Security and Human Rights in Eastern Europe: New Empirical and Conceptual Perspectives on Conflict Resolution and Accountability
Edited by Martin Kragh. With a foreword by Fredrik Löjdquist and Martin Kragh
More than three decades since the fall of the Soviet Union, several conflicts over territory and political influence in Eastern Europe persist. This volume gathers new empirical and conceptual perspectives on the situation regarding security and human rights in the EU’s eastern neighborhood.
The first part of this volume consists of five articles, detailing the origins and recent developments in the conflict areas of Donbas (Ukraine), Transnistria (Moldova), Abkhazia and South Ossetia (Georgia), and Nagorno-Karabakh (Armenia and Azerbaijan). The second part provides a comparative perspective, focusing on the implications of protracted conflicts for European security, the OSCE, and international law.
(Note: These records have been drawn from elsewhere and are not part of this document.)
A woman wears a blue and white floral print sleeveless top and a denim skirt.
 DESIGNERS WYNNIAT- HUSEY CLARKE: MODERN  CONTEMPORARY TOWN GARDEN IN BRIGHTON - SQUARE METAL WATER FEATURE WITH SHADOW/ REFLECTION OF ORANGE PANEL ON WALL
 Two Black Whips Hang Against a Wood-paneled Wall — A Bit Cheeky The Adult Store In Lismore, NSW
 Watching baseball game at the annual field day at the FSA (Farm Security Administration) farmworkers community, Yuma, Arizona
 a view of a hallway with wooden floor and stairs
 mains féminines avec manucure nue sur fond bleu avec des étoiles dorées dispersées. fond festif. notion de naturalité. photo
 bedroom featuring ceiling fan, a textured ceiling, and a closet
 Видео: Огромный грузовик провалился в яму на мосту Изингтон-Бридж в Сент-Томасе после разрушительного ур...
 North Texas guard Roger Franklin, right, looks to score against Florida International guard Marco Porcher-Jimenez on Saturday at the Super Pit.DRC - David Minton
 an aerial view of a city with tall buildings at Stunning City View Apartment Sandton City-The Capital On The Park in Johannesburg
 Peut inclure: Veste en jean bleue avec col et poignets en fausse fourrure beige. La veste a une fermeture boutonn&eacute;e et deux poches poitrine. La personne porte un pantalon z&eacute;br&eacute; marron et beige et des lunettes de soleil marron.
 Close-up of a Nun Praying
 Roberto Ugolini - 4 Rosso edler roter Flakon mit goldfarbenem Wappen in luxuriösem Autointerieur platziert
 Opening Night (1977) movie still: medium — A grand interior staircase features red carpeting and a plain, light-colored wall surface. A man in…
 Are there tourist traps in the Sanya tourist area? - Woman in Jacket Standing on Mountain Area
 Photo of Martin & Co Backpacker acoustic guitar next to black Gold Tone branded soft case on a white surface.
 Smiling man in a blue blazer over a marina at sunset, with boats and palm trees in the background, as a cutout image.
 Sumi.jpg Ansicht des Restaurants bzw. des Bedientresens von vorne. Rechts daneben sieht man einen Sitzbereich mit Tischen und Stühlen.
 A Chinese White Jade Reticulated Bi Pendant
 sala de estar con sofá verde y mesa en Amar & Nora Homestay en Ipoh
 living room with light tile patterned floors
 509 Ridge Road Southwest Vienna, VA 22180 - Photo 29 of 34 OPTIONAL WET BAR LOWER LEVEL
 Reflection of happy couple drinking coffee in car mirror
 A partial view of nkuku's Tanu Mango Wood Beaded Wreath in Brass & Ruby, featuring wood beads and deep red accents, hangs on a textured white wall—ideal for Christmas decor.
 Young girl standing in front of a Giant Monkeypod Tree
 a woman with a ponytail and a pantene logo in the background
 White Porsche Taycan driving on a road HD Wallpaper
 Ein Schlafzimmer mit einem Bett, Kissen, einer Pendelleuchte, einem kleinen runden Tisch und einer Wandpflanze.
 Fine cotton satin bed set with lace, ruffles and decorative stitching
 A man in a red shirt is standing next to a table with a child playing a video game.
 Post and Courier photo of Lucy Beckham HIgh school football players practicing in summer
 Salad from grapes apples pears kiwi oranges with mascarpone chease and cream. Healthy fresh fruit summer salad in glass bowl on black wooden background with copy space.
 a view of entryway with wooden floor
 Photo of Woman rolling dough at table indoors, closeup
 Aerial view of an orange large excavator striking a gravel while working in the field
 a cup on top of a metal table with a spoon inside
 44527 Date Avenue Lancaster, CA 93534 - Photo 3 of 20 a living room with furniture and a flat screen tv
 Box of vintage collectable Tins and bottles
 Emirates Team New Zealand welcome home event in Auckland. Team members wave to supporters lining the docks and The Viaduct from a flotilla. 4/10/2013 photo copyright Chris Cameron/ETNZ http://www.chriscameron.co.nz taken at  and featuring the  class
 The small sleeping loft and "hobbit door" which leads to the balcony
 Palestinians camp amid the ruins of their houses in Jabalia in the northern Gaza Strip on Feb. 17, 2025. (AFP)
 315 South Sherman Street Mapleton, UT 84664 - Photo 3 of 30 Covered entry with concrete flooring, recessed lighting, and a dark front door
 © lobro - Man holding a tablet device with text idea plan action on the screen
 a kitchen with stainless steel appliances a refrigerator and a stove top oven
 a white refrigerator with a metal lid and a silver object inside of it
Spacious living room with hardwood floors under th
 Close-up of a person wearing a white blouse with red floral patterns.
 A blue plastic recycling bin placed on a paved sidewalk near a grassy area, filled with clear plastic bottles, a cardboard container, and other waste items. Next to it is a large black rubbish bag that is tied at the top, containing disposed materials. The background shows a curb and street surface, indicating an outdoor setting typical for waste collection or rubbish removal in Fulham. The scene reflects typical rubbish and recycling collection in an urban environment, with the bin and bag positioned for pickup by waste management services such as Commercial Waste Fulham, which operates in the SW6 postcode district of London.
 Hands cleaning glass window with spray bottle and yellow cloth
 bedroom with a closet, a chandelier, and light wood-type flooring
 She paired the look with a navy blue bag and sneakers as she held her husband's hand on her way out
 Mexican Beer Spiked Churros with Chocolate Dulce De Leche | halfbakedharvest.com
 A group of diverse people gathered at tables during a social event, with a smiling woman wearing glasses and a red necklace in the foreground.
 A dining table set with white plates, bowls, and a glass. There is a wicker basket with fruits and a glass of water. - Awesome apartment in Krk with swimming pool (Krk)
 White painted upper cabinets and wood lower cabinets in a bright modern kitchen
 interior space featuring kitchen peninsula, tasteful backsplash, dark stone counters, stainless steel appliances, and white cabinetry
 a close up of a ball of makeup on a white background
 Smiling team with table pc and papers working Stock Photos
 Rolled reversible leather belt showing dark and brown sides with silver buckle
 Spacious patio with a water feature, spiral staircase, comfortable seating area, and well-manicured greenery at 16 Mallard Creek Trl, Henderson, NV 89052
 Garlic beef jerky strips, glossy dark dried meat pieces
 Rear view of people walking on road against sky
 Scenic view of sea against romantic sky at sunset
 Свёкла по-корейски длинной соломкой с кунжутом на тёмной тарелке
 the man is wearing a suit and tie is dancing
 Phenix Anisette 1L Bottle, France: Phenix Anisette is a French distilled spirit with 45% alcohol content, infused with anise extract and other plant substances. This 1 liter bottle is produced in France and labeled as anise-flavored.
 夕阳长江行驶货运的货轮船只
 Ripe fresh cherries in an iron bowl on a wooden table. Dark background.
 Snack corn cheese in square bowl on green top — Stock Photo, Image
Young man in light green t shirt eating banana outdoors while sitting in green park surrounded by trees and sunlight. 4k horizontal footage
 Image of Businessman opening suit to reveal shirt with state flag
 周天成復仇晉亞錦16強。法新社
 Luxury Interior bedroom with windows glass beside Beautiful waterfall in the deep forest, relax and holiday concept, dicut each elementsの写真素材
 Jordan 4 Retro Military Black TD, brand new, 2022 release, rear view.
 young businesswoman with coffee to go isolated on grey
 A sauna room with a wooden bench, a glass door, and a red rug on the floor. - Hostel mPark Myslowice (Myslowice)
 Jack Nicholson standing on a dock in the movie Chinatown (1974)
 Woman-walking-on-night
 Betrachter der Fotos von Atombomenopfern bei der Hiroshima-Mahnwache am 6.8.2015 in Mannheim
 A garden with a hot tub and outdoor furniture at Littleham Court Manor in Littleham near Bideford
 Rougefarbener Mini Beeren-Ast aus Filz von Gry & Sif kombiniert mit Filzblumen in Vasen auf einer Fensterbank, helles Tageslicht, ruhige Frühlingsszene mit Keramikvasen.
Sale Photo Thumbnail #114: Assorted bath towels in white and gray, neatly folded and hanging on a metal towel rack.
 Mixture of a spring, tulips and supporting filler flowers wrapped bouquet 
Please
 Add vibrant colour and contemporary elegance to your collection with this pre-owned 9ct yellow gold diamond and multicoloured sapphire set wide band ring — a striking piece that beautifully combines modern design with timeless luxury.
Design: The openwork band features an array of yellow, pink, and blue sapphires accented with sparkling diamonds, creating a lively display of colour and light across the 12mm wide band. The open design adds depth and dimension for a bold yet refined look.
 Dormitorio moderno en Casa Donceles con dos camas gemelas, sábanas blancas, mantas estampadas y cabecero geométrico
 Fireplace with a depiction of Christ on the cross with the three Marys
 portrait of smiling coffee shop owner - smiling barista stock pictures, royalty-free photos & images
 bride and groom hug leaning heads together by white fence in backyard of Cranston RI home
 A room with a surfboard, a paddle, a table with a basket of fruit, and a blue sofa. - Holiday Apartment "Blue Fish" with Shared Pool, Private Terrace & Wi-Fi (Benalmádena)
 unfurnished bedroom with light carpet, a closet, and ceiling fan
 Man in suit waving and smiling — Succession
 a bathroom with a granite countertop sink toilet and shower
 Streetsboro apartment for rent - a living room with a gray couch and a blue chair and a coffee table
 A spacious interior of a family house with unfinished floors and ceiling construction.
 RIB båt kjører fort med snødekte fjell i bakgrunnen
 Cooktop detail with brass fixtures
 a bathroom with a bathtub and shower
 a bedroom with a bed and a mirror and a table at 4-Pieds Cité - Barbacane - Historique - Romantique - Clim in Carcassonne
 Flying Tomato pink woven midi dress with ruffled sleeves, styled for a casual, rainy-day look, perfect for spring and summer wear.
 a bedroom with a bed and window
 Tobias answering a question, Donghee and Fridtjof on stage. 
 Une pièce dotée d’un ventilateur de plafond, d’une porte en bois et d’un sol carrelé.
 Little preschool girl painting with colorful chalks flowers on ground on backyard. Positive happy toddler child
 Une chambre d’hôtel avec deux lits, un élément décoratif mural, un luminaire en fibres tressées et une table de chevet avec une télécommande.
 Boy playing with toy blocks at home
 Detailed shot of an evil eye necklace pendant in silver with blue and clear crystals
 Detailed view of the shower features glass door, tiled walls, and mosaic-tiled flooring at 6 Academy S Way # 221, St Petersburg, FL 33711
The articles analyze the regional context, explain the role of regional powers such as Russia, Turkey, and the EU, and provide clear policy recommendations regarding conflict resolution and accountability.
Martin Kragh is Deputy Director of the Stockholm Centre for Eastern European Studies (SCEEUS) and Senior Research Fellow at the Swedish Institute of International Affairs. Kragh holds a PhD from the Stockholm School of Economics (2009) and is associate professor (docent) at the Institute for Russian and Eurasian Studies at Uppsala University.